Nude Nite highlights transgender rights in this year’s Tampa show

There is a litany of reasons people are driven to Nude Nite, most of which begin with the obvious gawk and gaze at nudity – it happens – but there’s also a social pertinence to the intentionally salacious affair which now exposes itself in both the Tampa Bay area and Orlando.

Past iterations have seen an unflattering nude portrait of teen-pop impresario Lou Pearlman, and, as is required on certain occasions, sushi presented on the body of a naked woman. But there have also been incredibly thoughtful pieces involving all the mixed media that mixed media has to offer: steelworks to fabric-works, portraits to abstract reinventions, love to hate. It’s become a social affair that exists on a level far beyond your typical flirt-and-walk art maneuvers. It’s making a statement about society, about what we’ve become.

“As much as Nude Nite is just an event, I think it’s recognized as something bigger; it’s a platform and it’s a space where not only artists can express themselves,” Nude Nite Director Kelly Stevens says, “but Nude Nite has been able to create an installation that matters. When you have thousands of people coming to an event, the responsibility is not to give them fluff.”

This year’s Nude Nite promises not so much fluff as provocative social commentary. The central theme of the event is transgender rights – “Revolution Evolution,” it’s called – and it’s bound to raise some eyebrows during its stint at the Tampa Warehouse (6818 S. Manhattan Ave.) on March 2-4.

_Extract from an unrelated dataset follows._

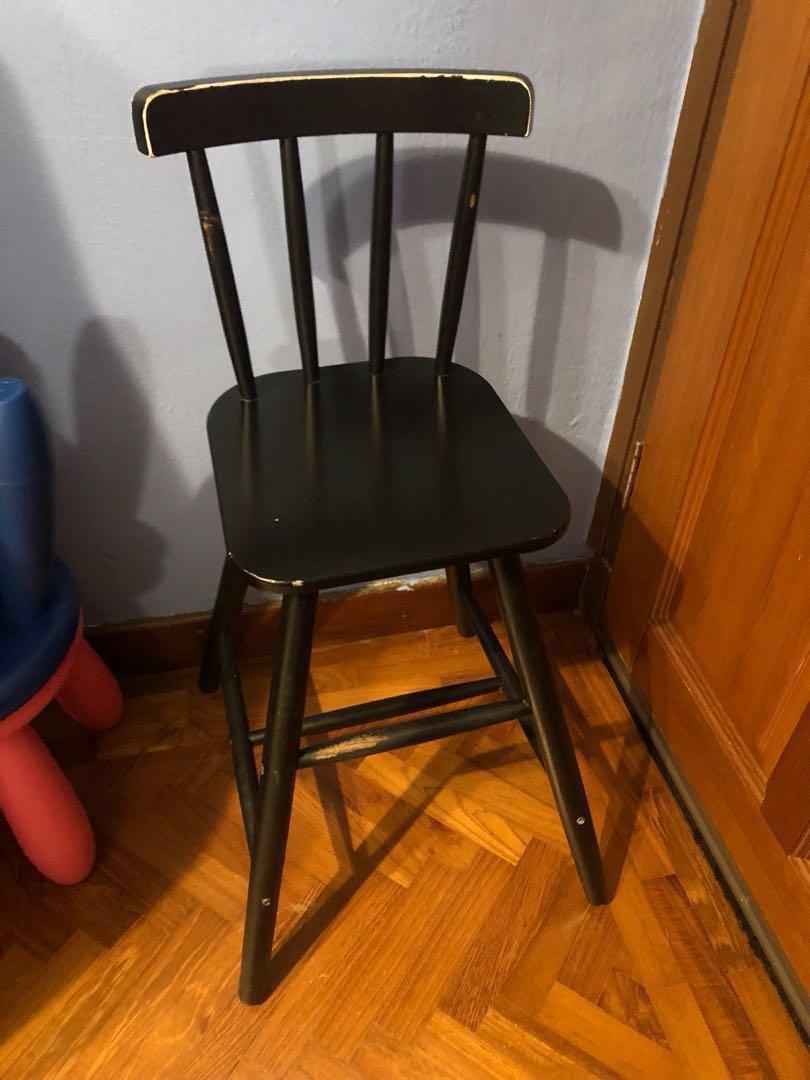 wooden high chair ikea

“If Nude Nite can help enrich that gap for people who may not feel comfortable with that topic and nudge them over to the understanding side, I think that might result in evolution and equality in these people. And right there is really what Nude Nites are and should be doing,” Stevens says. “These people bare their soul and their bodies, their nude bodies. One of the works is ‘Civil Wars’ and [the subject] has a beard … and this model has allowed himself to be seen, and that’s a gift of understanding. He has trusted us, he has trusted [photographer] John Burke to show him in the best light and honor him, and we’re going to do that.”

There will also be a bit of historical and cultural revisionism centered around the famed Norman Rockwell covers and paintings of American historical significance.

“These eight models will be at the show and talking with people, engaging, asking questions, answering questions, because in this particular exhibit, The Transgender Project, I think what’s most important is that these are images of Norman Rockwell,” Stevens says. “John Burke created all the images around some of Rockwell’s famous works; instead of the red-state American Protestant, we’ll show these different transgender men and women modeling all the parts and reflecting more of what America looks like now. The man and mom and dad in one of these Norman Rockwell paintings are outdated to the transgender man, the transgender woman and transgender man. So, we don’t see grandma with the American flag but we see a transgender man.”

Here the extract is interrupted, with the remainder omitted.